Material to process.
+++++
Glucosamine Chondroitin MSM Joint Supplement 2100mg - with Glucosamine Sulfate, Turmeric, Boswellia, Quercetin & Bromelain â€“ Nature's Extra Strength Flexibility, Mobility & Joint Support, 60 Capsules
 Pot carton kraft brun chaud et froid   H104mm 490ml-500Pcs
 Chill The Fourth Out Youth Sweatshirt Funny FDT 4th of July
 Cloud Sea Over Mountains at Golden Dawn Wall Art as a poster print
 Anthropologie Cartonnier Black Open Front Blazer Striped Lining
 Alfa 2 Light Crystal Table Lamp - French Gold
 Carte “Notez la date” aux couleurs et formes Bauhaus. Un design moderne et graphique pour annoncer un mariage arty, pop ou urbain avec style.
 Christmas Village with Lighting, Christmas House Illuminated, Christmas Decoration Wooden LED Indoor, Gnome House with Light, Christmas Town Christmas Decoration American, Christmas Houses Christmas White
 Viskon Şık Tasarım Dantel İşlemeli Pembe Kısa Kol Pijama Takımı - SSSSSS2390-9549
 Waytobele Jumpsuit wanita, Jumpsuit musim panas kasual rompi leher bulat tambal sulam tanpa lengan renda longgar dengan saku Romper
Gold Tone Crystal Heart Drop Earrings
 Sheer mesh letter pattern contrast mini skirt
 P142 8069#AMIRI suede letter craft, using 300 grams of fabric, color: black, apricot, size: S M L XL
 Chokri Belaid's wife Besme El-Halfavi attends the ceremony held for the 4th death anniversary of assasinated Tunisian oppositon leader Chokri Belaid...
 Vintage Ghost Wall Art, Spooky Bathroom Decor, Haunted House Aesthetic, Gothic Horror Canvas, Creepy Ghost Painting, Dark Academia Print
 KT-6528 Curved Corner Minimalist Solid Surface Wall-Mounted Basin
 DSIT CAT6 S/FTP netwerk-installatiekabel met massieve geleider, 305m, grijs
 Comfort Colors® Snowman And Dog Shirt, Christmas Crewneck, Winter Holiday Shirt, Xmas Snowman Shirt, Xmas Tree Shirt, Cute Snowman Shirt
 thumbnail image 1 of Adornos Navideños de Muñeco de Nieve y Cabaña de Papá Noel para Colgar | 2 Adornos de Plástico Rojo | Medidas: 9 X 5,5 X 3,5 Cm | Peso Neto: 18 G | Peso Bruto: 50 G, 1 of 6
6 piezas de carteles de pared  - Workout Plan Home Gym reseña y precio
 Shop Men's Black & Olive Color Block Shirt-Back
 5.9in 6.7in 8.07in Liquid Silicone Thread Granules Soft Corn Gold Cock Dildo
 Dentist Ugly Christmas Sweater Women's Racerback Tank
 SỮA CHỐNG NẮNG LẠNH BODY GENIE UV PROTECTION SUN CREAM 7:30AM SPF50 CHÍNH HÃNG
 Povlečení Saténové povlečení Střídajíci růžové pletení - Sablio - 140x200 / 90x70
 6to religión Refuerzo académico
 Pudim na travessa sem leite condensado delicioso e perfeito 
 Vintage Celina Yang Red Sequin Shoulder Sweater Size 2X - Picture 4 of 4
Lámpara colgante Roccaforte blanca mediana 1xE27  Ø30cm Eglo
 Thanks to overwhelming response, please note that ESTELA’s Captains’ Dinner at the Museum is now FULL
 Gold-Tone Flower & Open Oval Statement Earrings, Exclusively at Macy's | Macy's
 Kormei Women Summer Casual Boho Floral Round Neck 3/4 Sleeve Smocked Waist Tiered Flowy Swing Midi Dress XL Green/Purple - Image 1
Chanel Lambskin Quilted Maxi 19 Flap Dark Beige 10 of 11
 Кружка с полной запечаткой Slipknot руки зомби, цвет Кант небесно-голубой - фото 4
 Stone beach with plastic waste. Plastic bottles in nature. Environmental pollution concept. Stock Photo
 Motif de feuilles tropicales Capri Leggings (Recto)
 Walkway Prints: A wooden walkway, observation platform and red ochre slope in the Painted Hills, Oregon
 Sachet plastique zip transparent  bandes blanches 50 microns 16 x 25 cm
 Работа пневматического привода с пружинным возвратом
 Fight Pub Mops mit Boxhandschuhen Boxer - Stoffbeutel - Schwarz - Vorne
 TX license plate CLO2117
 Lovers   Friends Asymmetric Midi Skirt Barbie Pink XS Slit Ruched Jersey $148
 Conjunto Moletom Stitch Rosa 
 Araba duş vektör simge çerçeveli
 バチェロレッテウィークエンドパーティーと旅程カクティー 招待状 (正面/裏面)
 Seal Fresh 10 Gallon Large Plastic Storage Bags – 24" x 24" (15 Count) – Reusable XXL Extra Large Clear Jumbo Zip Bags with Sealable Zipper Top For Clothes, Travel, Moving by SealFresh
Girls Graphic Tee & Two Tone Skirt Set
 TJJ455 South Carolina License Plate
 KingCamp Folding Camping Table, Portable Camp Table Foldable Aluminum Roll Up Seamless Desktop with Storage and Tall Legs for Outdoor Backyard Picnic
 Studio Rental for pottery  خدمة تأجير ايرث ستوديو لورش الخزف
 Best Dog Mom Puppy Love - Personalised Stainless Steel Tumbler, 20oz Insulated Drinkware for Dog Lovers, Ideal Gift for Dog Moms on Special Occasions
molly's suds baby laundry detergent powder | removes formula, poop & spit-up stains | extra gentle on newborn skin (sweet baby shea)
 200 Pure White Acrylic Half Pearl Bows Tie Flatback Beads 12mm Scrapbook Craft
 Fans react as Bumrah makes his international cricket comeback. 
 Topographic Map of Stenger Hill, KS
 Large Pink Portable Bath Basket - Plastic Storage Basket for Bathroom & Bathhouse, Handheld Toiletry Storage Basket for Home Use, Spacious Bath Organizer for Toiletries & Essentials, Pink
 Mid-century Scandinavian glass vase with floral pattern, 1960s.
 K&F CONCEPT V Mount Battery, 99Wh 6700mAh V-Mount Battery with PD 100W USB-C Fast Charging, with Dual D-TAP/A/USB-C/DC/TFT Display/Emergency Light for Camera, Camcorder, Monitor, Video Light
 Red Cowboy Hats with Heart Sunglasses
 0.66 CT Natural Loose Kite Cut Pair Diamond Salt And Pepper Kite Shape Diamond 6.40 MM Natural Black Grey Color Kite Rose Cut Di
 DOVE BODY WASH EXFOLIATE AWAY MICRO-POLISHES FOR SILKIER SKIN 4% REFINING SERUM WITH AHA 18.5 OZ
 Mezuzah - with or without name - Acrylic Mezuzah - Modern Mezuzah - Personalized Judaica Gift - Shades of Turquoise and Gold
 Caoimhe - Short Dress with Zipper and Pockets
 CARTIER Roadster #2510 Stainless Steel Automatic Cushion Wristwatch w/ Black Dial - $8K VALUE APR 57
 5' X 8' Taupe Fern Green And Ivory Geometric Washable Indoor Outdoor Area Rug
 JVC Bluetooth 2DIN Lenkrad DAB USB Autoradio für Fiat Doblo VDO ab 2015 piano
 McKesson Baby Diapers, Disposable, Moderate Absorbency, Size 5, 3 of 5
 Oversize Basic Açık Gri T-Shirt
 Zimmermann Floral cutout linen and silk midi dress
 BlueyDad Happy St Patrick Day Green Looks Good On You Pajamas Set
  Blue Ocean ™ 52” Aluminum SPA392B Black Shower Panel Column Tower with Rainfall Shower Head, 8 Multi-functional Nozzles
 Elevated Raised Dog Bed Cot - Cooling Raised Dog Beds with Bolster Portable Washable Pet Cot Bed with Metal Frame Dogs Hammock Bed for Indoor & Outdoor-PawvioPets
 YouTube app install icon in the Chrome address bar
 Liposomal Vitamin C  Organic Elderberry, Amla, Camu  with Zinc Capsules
+++++
Aim of the exercise.
Nothing should appear in the answer except the lines above from the line with "Gold-Tone Flower &" through the line with "Sachet plastique zip", both included, written out exactly.

Answer section.
 Gold-Tone Flower & Open Oval Statement Earrings, Exclusively at Macy's | Macy's
 Kormei Women Summer Casual Boho Floral Round Neck 3/4 Sleeve Smocked Waist Tiered Flowy Swing Midi Dress XL Green/Purple - Image 1
Chanel Lambskin Quilted Maxi 19 Flap Dark Beige 10 of 11
 Кружка с полной запечаткой Slipknot руки зомби, цвет Кант небесно-голубой - фото 4
 Stone beach with plastic waste. Plastic bottles in nature. Environmental pollution concept. Stock Photo
 Motif de feuilles tropicales Capri Leggings (Recto)
 Walkway Prints: A wooden walkway, observation platform and red ochre slope in the Painted Hills, Oregon
 Sachet plastique zip transparent  bandes blanches 50 microns 16 x 25 cm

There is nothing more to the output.